» **Data to use**
------------------------------------------------

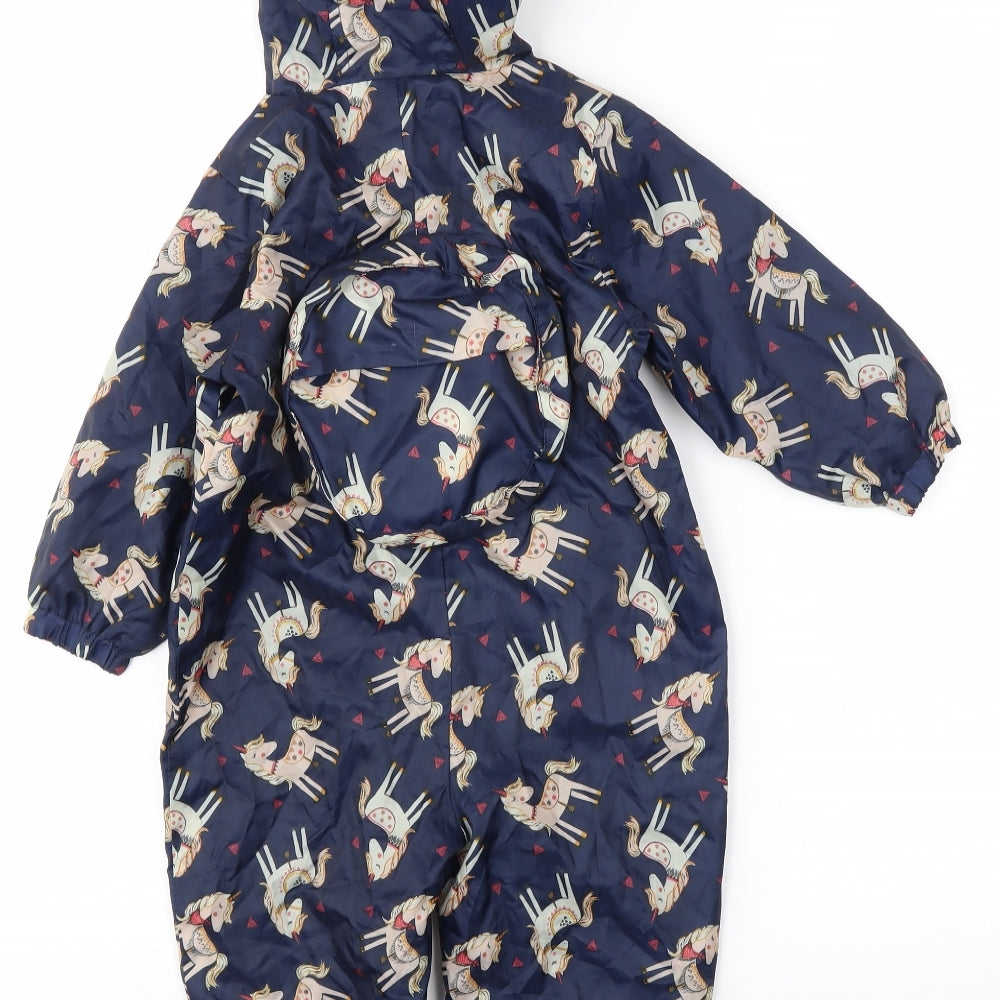 Nutmeg Baby Blue   Rain Coat Poncho Size 18-24 Months
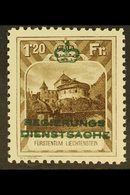 OFFICIAL  1932 1fr20 Sepia With Green Overprint, Perf 10½, Michel 8A, Never Hinged Mint. For More Images, Please Visit H - Andere & Zonder Classificatie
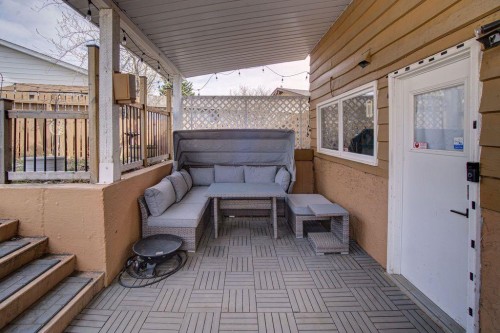 47 Willow Road, Claresholm, AB - Outdoor With Deck Patio Veranda With Exterior
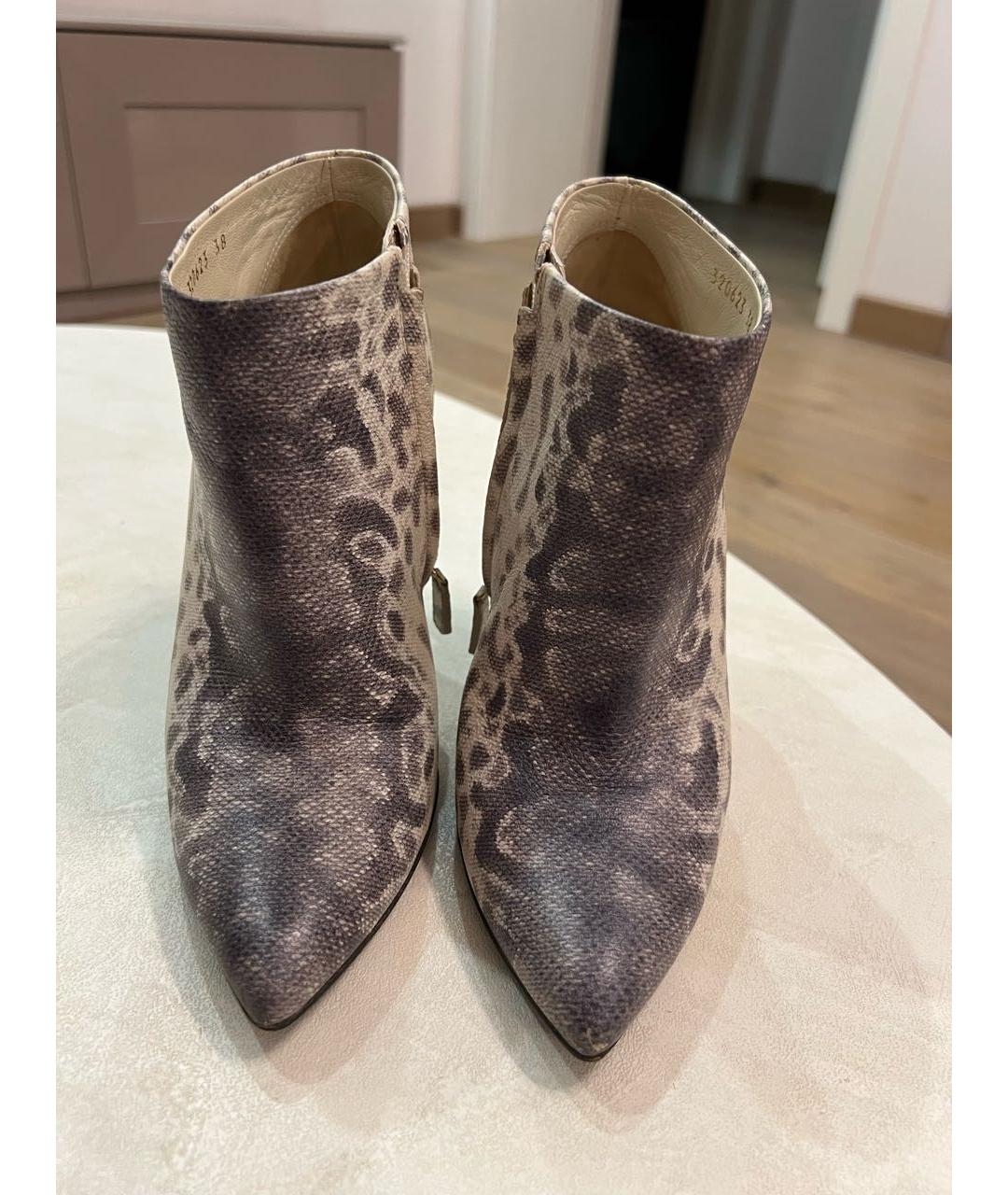 GUCCI Серые кожаные ботильоны, фото 2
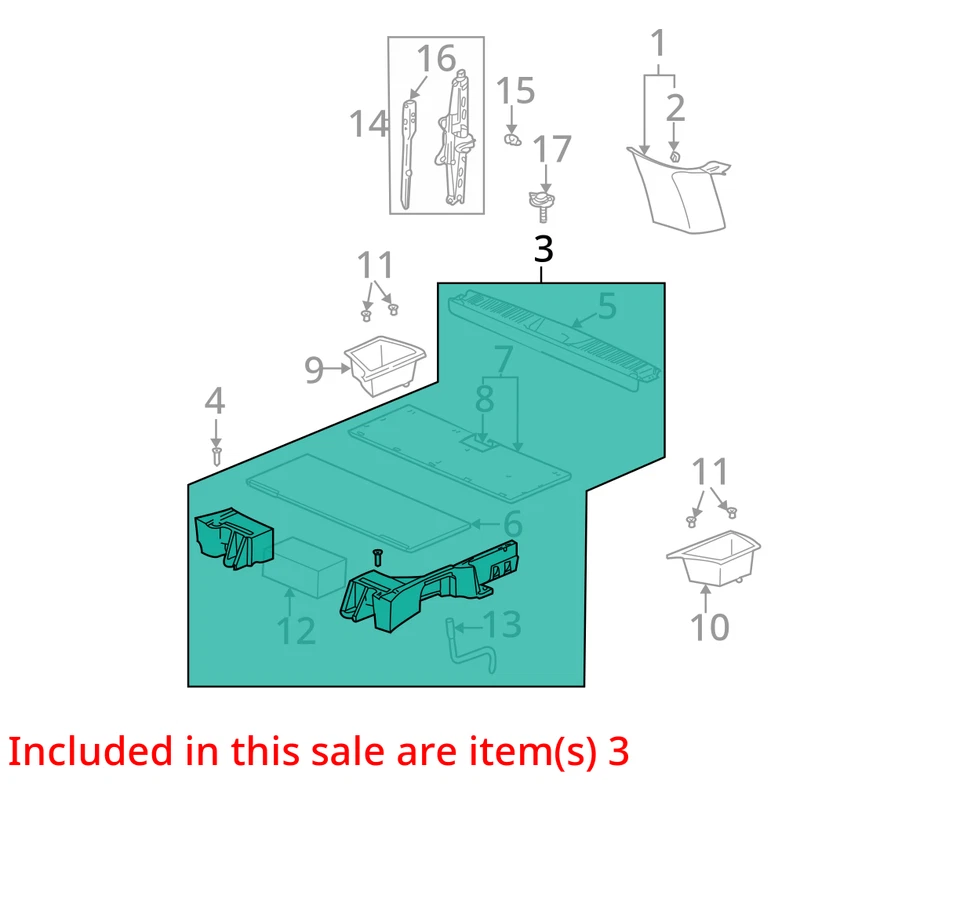 FITS 2002-2007 SATURN VUE PANEL ASM LOAD FLR RR W CO 15825469 -  NEW OEM - Image 2 of 3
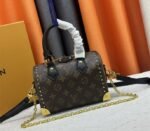 Louis Vuitton Monogram Canvas Cruise 2025 Speedy 20 Trunk Bag In Black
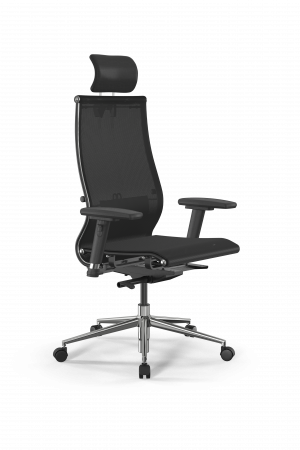 Кресло SynchroSit 10 B2-107D - T /Km00/Nb00/D03P/H3mL-2D(M23.B23.G18.W02), черный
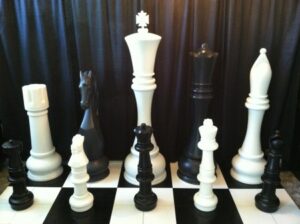 Over-sized Chess Decor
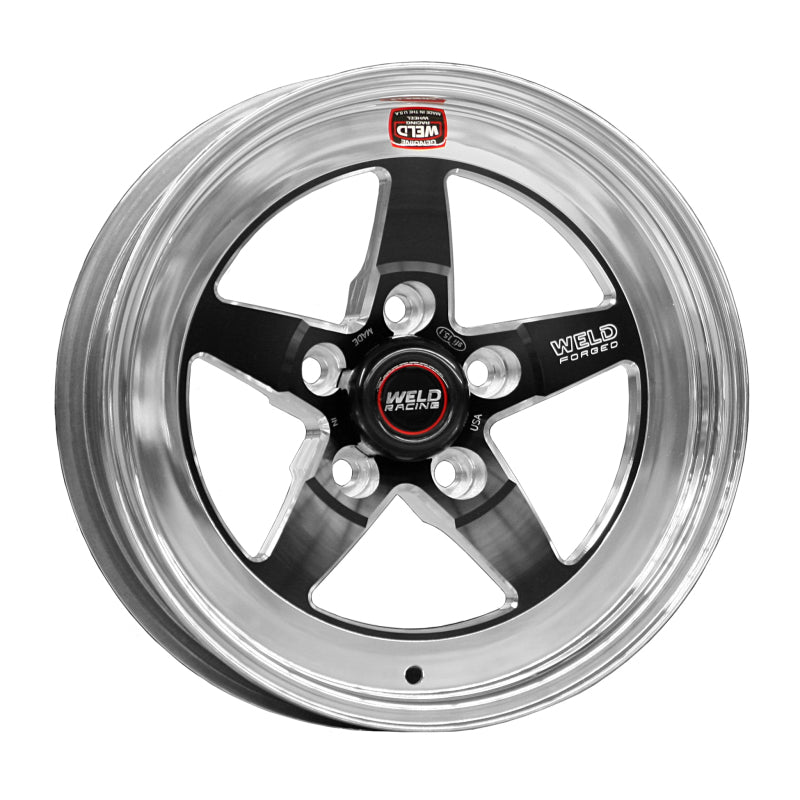 Weld S71 15x10 / 5x4.5 BP / 7.5in. BS Black Wheel (Medium Pad) - Non-Beadlock 71MB-510A75A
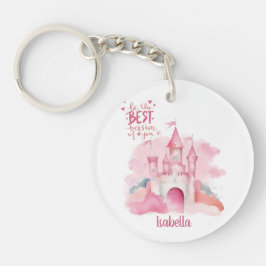 Llavero Sea la mejor versión de su personalizable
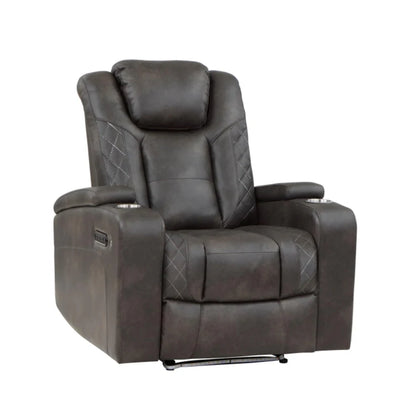 3pc Tabor Dual Power Recliner Set M9211 - Brownish Grey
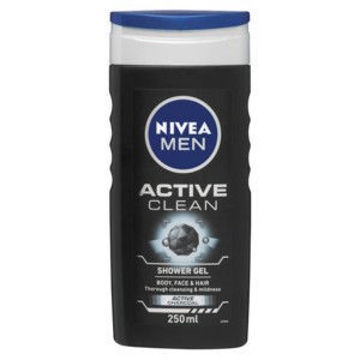 Nivea Shower Gel Active Clean 1 x 250Ml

------------------------------------------------

» **Assigned task**
Repeat each line above exactly. The pictures stay out.

» **Response**
 Nutmeg Baby Blue   Rain Coat Poncho Size 18-24 Months
 OFFICIAL  1932 1fr20 Sepia With Green Overprint, Perf 10½, Michel 8A, Never Hinged Mint. For More Images, Please Visit H - Andere & Zonder Classificatie
 47 Willow Road, Claresholm, AB - Outdoor With Deck Patio Veranda With Exterior
 GUCCI Серые кожаные ботильоны, фото 2
 FITS 2002-2007 SATURN VUE PANEL ASM LOAD FLR RR W CO 15825469 -  NEW OEM - Image 2 of 3
 Louis Vuitton Monogram Canvas Cruise 2025 Speedy 20 Trunk Bag In Black
 Кресло SynchroSit 10 B2-107D - T /Km00/Nb00/D03P/H3mL-2D(M23.B23.G18.W02), черный
 Over-sized Chess Decor
 Weld S71 15x10 / 5x4.5 BP / 7.5in. BS Black Wheel (Medium Pad) - Non-Beadlock 71MB-510A75A
 Llavero Sea la mejor versión de su personalizable
 3pc Tabor Dual Power Recliner Set M9211 - Brownish Grey
 Nivea Shower Gel Active Clean 1 x 250Ml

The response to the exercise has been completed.